Die Bilder haben mit einem klassischen, professionellen Kino-Look nichts gemeinsam. Die mit einem ganzen Arsenal disparater Formate – 8mm, 16mm, Digicam, Standfotos – gemachten Aufnahmen sind unscharf, verwackelt und von Störungen durchzogen. Gerade das verstärkt jedoch den vom Drehbuch anvisierten Eindruck der privaten Erinnerungen eines Video-Tagebuchs.
Häufig ist die Kamera direkt ans Auto montiert – der Wagen, der aktiv die Landschaft durchfährt, wird hier also gegenüber dem passiven, von Depressionen gelähmten Protagonisten zum eigentlichen Akteur des Films. Überhaupt bekommen wir die Hauptfigur, den Erzähler, nie zu Gesicht – er bleibt hinter der Kamera und damit visuell abwesend.

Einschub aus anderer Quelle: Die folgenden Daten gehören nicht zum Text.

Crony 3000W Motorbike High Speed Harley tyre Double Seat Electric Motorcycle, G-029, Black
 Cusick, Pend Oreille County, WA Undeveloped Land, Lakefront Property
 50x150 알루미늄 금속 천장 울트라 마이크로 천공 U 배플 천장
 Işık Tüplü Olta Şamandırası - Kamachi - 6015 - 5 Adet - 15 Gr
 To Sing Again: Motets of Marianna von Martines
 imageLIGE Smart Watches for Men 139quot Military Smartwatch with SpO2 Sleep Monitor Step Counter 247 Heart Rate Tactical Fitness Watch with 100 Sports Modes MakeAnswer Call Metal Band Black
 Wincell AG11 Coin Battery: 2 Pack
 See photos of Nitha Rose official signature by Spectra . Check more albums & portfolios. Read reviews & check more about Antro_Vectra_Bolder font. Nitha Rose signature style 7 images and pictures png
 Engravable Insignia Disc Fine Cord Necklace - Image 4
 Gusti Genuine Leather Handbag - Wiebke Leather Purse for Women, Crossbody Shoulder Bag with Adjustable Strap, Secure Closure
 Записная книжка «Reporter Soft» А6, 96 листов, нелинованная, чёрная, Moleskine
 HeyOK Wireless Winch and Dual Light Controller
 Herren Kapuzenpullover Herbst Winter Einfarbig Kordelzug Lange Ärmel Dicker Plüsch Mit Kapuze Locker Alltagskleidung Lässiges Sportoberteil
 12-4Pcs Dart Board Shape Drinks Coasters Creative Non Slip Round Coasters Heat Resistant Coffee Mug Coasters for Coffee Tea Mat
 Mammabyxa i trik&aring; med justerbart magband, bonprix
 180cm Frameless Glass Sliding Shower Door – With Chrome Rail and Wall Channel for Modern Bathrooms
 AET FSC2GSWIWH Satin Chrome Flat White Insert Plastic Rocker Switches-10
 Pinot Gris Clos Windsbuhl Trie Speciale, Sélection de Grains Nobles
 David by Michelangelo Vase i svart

Gerade diese Leerstelle ist es jedoch, die inmitten eines ansonsten schwierigen, viel von seinem Zuschauer fordernden Experimentalfilms einen Raum für affektive Identifikation bietet. Hier ermöglicht der Film die emotionale Einbindung (suture) des Zuschauers – die abwesende Hauptfigur wird zur Projektionsfläche. Denn wer hat sich nicht schon einmal auf Abwegen befunden und verirrt – und schließlich die Erfahrung gemacht, dass man die Hauptstrecke doch irgendwann wieder findet und es schafft weiter zu fahren?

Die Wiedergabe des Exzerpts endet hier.